Estação das Letras disse...

Vc não é nem nunca será um bobo da corte. Está como todos nós apavorado diante do Brasil profundo que pensávamos de superfície, amigo! E espero poder continuar ao lado da sua leve sensibilidade para tudo o que realmente importa, apesar dos pesares. Um beijo azul

Nilma Lacerda disse...

Meu amigo, se você escreve é um otimista, lamento informar. Ou melhor, lamento nada, você é resistência, resiliência, afeto, palavra leve e densa.
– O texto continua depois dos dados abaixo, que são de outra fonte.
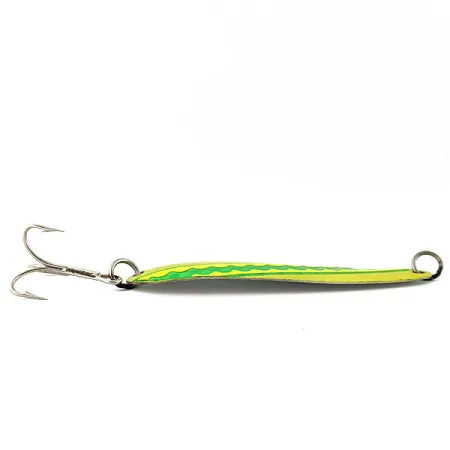 Vintage Luhr Jensen Westport Wobbler, 1/2oz yellow/green/white fishing spoon #18443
Viva Alexandre Brandão.

Unknown disse...

Você vai continuar sendo o nosso bobo, queira ou não!!!

Vermelho

No Osso disse...

Suzana, Nilma e Vermelho, meu pessimismo é ciclotímico, basta uma atençãozinha dos amigos e já fico faceiro. Vamos pegar nosso país de volta.
Obrigado pela leitura.

Dag Bandeira disse...

Força amigo, eu sempre soube que seu codinome era PollYanna menina e, pra mim, vai continuar sendo. Vai passar.

No Osso disse...

Oi, Dag, se você diz que vai passar, eu acredito. Assinado Alexyanna ou Pollexandre.